Наверное, я и на летние каникулы не приеду. Два года — это не так уж и много, если подумать.
Глава 16. Пусть болит у лесной куницы, у дикой птицы
Одна тысяча пятьсот четвёртый год
Дело было даже не в голоде, голод он бы пережил. Не в холоде, не в постоянной скуке — уроки были занудными и слишком лёгкими, учителя относились к своим подопечным без особого усердия — какой смысл обучать тех, у кого всё равно нет никакого будущего, кто всё равно работать нигде толком не будет? Какой смысл развивать дар у тех, у кого его всё равно отнимут? Поэтому питомцев Джаксвилля учили читать, писать и считать — многие малыши-шестилетки не умели и этого, давали общие знания о мире, заставляли читать вслух, заучивать и переписывать огромные куски текста из разных книг. Арифметика, история, география, ботаника и литература также нашли себе место в расписании, а ещё — ручной труд. Девочки учились готовить, вязать, вышивать и шить, мальчики занимались столярничеством…
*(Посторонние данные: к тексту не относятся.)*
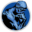 nheri.org logo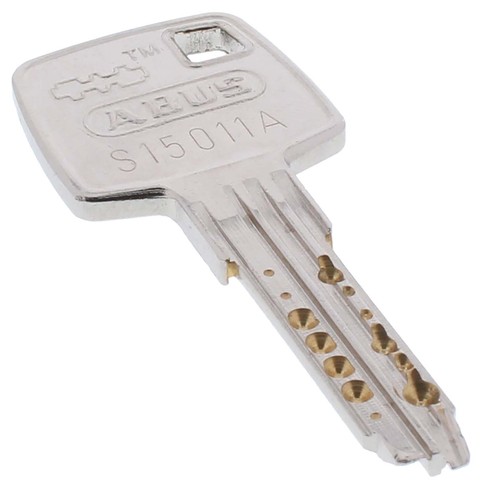 Abus ec660 660 - abus,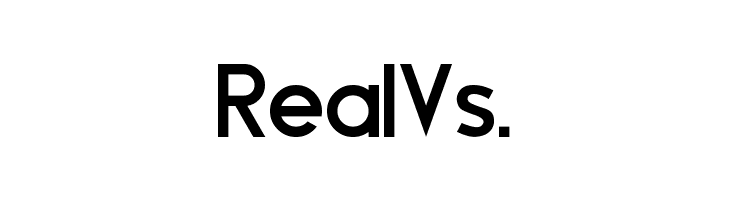 Blissful Thinking  Free Fonts Download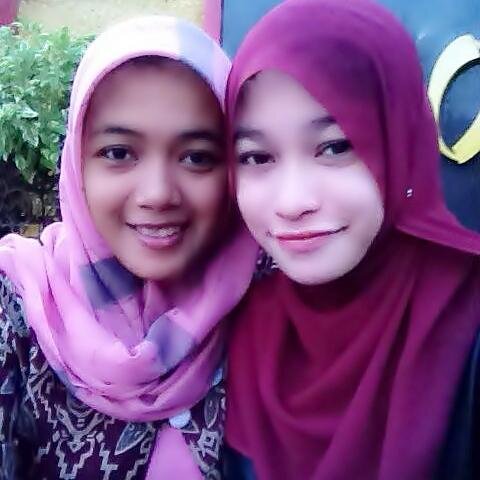 keep smile :D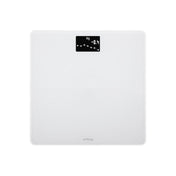 Osobní váha Withings Body - bílá - iSTYLE CZ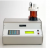 Volumetric Titrators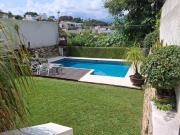 CRS HERMOSA CASA EN FRACCIONAMIENTO LOS CIZOS $6,600,000... CRS HERMOSA CASA EN FRACCIONAMIENTO LOS CIZOS $6,600,000...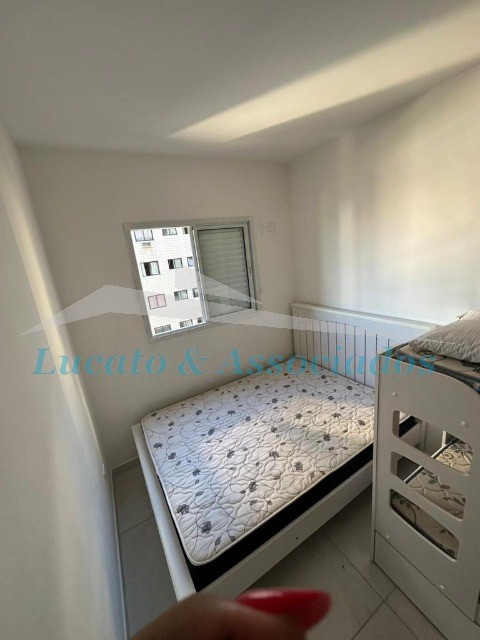 Apartamento à venda com 2 quartos, 55m² - Foto 13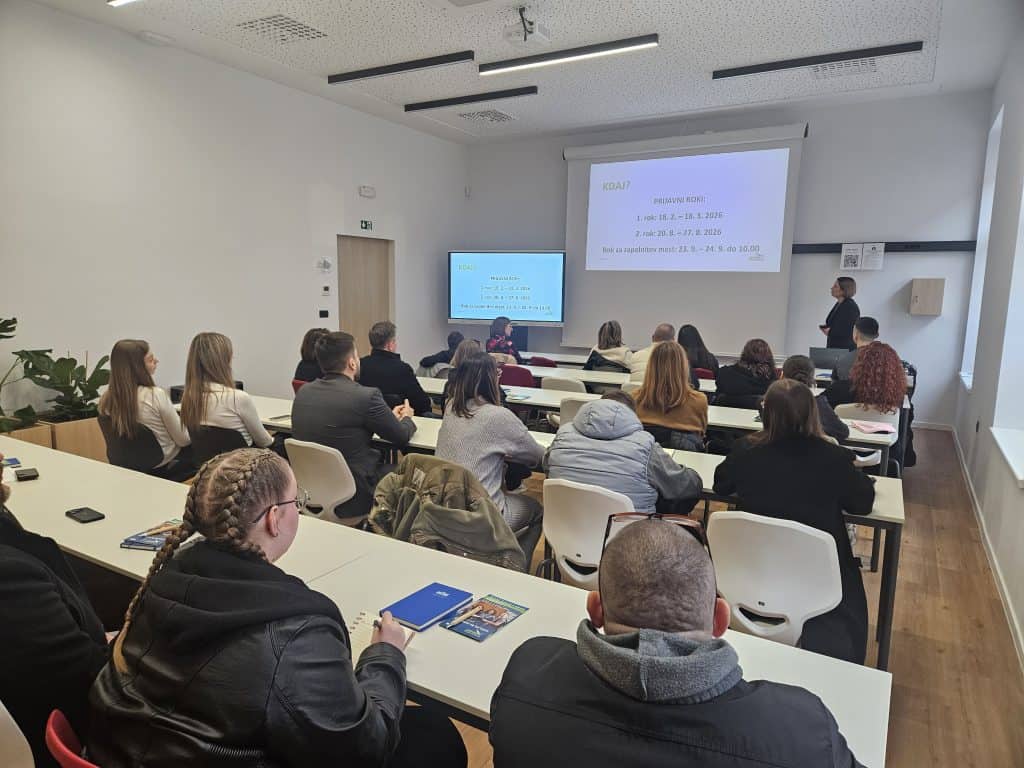 20260214 104959 – kopija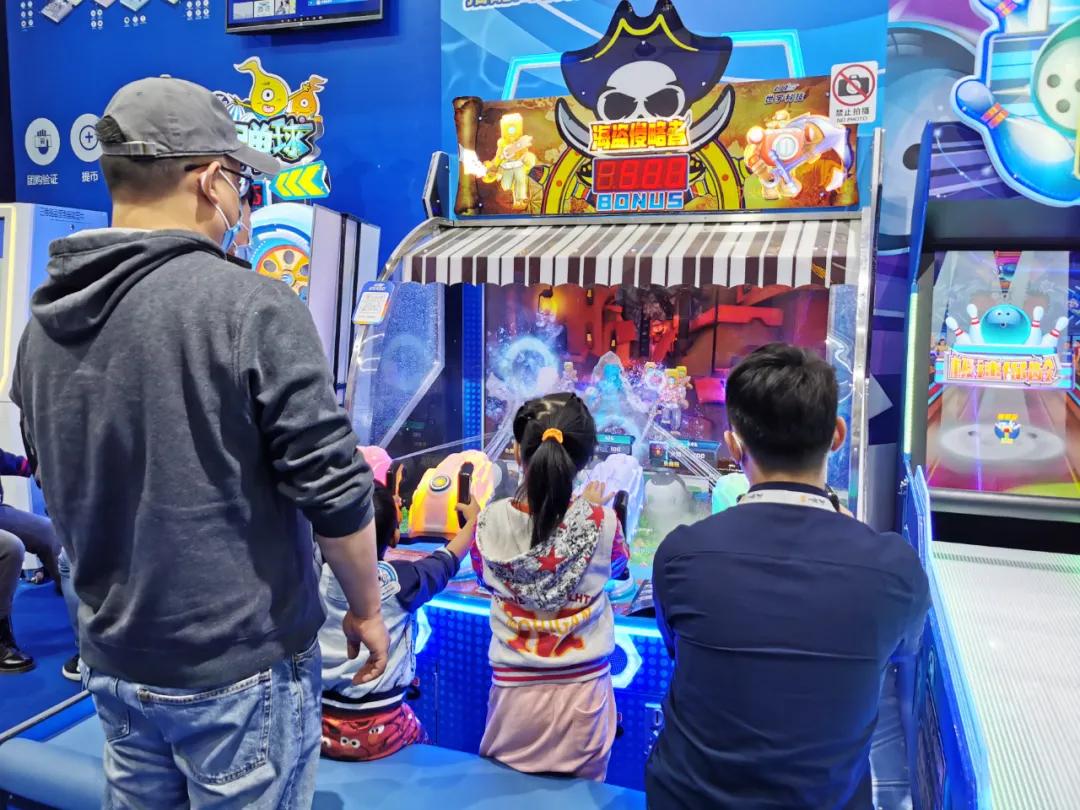 世宇和世宇,世宇科技展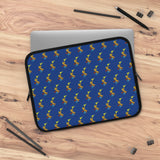 Marshville Elementary Laptop Sleeve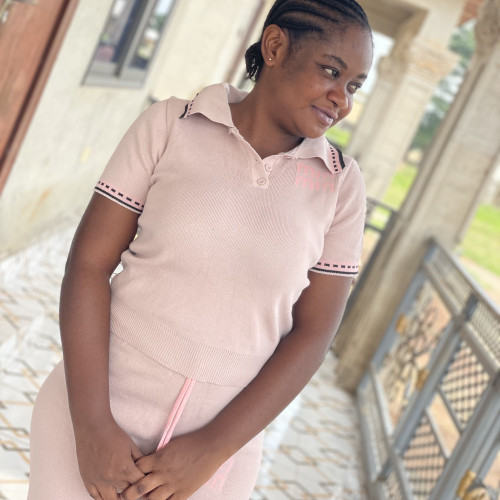 Owusu S. profile photo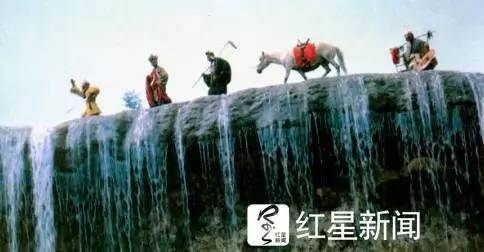  来源：红星新闻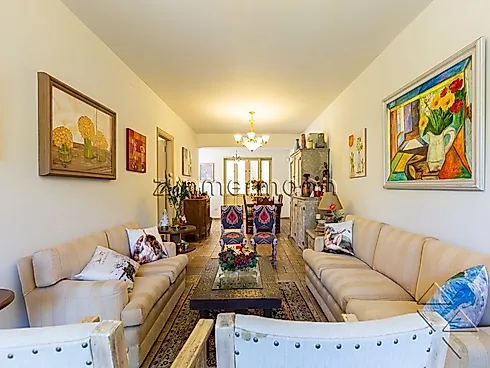 Casa 3 Quartos com 232m² - Vila Madalena - Casa em Vila Madalena, São Paulo - Foto 5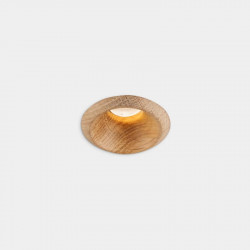 Leds-C4 AG67-P2X8S1OUEO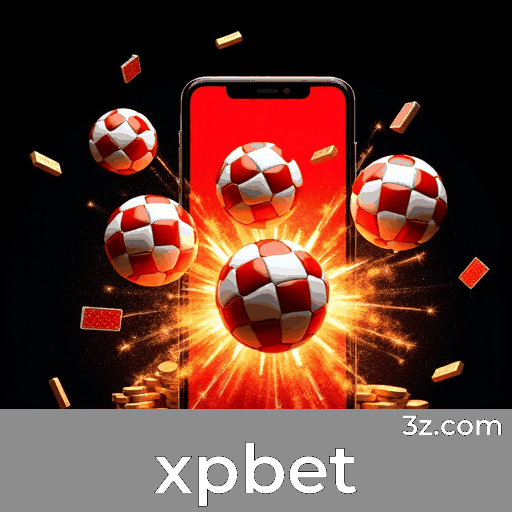 Conecte-se na Plataforma xpbet: Experiências Únicas de Comunidade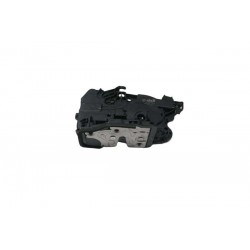 JOBB HÁTSÓ AJTÓZÁR SCALA,KAMIQ,VW ID 3,POLO,T-CROSS,TAIGO,SEAT ARONA,IBIZA,BORN 10A839016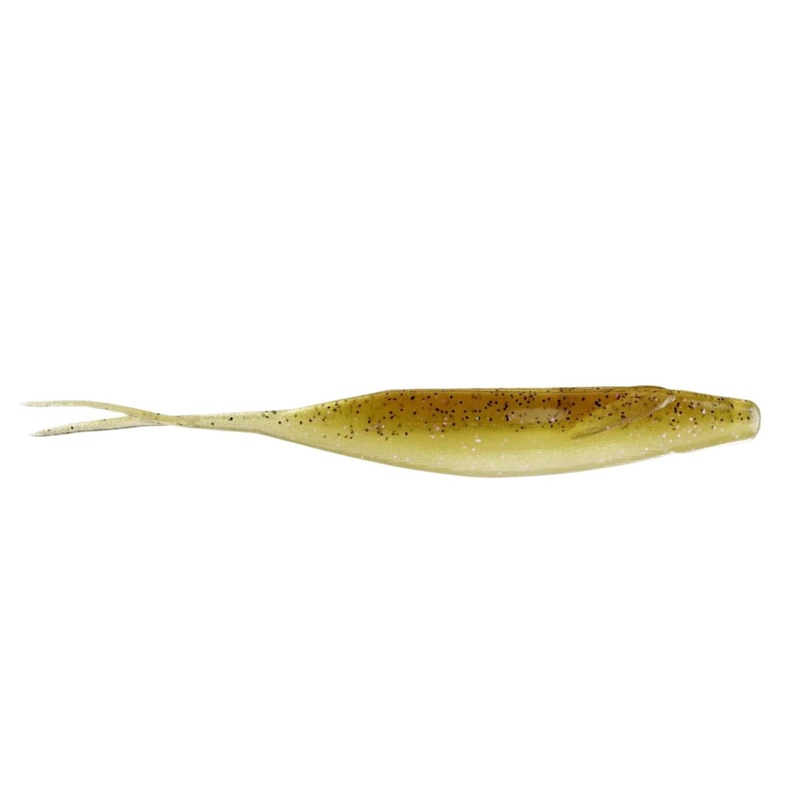 Zoom Winged Fluke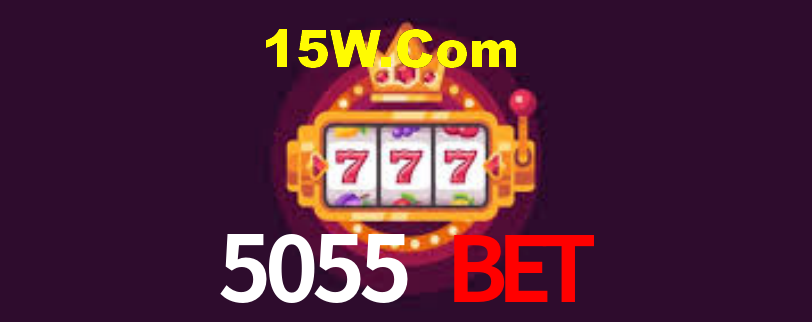 5055 Bet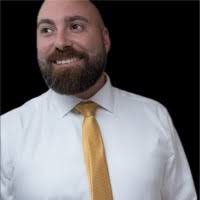 90+ "Mcclurg" profiles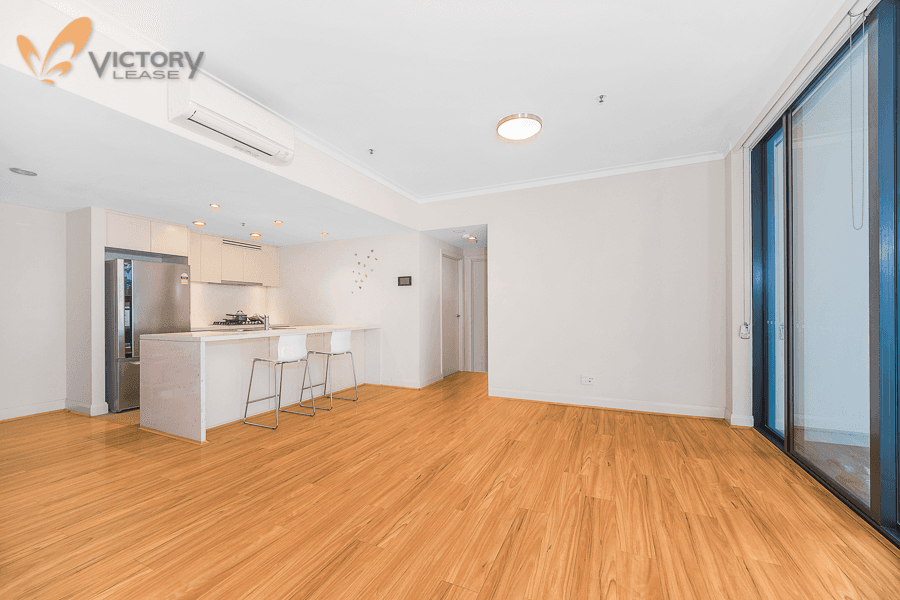 103/46 Walker Street, Rhodes, NSW 2138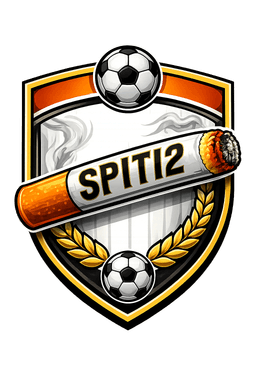 SPITI2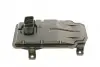 Фільтр АКПП Audi Q7/ Porsche Cayenne/ VW Touareg 3.0-4.2 TDI 10- MAHLE / KNECHT HX187KIT (фото 12)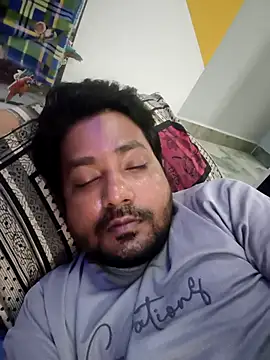 parthi012025 (Ask my age) - #cam2cam #cheapest-privates #colorful #daddies #dirty-talk #handjob #hd #indian #masturbation #medium #mobile #sexting #small-cock #straight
Девятилетний Эймери, Тридцать первый — имена давали не по порядку, а взамен выбывавших, чаще всего по возрасту — читал и писал прекрасно, об окружающем мире знал больше, чем иные двенадцатилетние, и очень любил читать. Он мечтал изучать магию и магические книги, но про лайгон в Джаксвилле даже не заикались. Впрочем, о лайгоне и прочем он стал думать не сразу, а только когда вернулась способность думать о чём-то, кроме смерти мамы.